CSS doesn’t throw errors.
Write a JavaScript function that calls a method that doesn’t exist, and the console tells you immediately. Reference a CSS custom property that hasn’t been defined, and nothing happens. The property just doesn’t apply. The element renders with whatever value it inherited or defaulted to, and the page looks almost right, or slightly off, or exactly right in the one viewport and one theme you happened to check.
This is the core of why CSS testing is difficult, and it’s not the reason most people give.
What people usually mean when they say CSS is hard to test
The common answer is that CSS produces a visual output that requires a browser to evaluate. You can’t assert that a component “looks right” without pixels, and pixels require rendering. Visual regression testing exists for this — tools that screenshot your UI and compare it frame by frame against a baseline — but it doesn’t test whether something looks right. It tests whether it looks the same as last time. For a design that’s actively evolving, that’s a meaningful distinction.
That problem is real. But it’s also kind of tractable. The noisier problem is elsewhere.
The thing testing frameworks don’t understand
CSS is relational and declarative. The value of a property is meaningful only in context — what other tokens resolve to, what mode the document is in, what the design intent behind the naming convention was. Most testing tools don’t hold that knowledge. They see text, not a system.

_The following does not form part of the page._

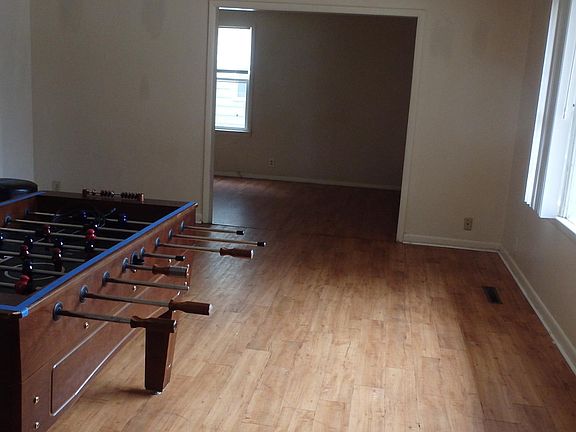 Living room with game room in back ground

A mixin or token bundle makes this sharper: the same block of CSS produces different results in different contexts, which means correctness can’t be established at the definition — only at every point of use.
A JavaScript test can assert that a function returns a specific value. A CSS “test” has to first figure out what value anything even has, which requires understanding a cascade across potentially dozens of files with conditional selectors. Then it has to decide what “correct” means for that value, which requires understanding what the design system promised.
Those are two genuinely different problems, and most tools only address the second — usually by screenshotting.
What can be tested without a browser
A few things can be verified statically, without rendering:
Token chain integrity. A design system built on CSS custom properties makes a chain of promises — this semantic token refers to this color scale step, which is defined in this mode file. That chain can be parsed and verified. If --text-default resolves through --gray-12, and --gray-12 is defined in the light mode file, the chain is intact. If it resolves to nothing, there’s a bug — even if nothing visibly broke.
Contrast ratios. Once you can resolve the chain for a specific combination of mode and palette, you can compute a contrast ratio. WCAG thresholds are numbers. This is checkable without a browser.
Naming conventions and expected structure. Whether the tokens that are supposed to exist actually exist. Whether scales have the steps they should have.
I added these checks to this portfolio. The token validation found bugs on the first run — a typo (--space-8 instead of --spacing-8), and two references to a spacing value that doesn’t exist in the scale, quietly falling back to nothing. But the contrast tests found something more interesting: the 2014 Pantone Color of the Year, Radiant Orchid, had a contrast ratio of 3.88:1 between text and background in light mode — below WCAG AA’s 4.5:1 threshold. The color looked fine. Nothing was visibly broken. The palette had been in the codebase for a year. The test caught it because it checked all 27 Color of the Year palettes across both light and dark mode — 54 combinations in total.
The gap that remains
What these static tests can cover is the structure of the design system — whether it’s internally consistent, whether the contracts it makes are honored in the code. What they can’t cover is whether those contracts produce the right experience for a person using the site.
That gap is probably irreducible without a browser. But it’s also smaller than it looks, because most CSS bugs aren’t “the layout is subtly wrong in a way only a human could notice.” They’re “this token resolves to nothing” or “this contrast is 3.88:1 in light mode with this palette.” Those are checkable.
How it should work
The ideal version of CSS testing would understand design intent. It would know that --text-default placed against --surface-page is a promise about readability, not just two strings. It would know that a design system with 27 color palettes across two modes creates 54 combinations that all need to honor that promise, and verify them automatically when either token changes.
Some of that is buildable today — not with off-the-shelf tooling, but with tests that know what the system is supposed to mean. The interesting work is in the gap between “screenshot everything” and “trust the CSS.”
CSS still won’t throw errors. But it can fail a test. That turns out to be enough to find the things that matter.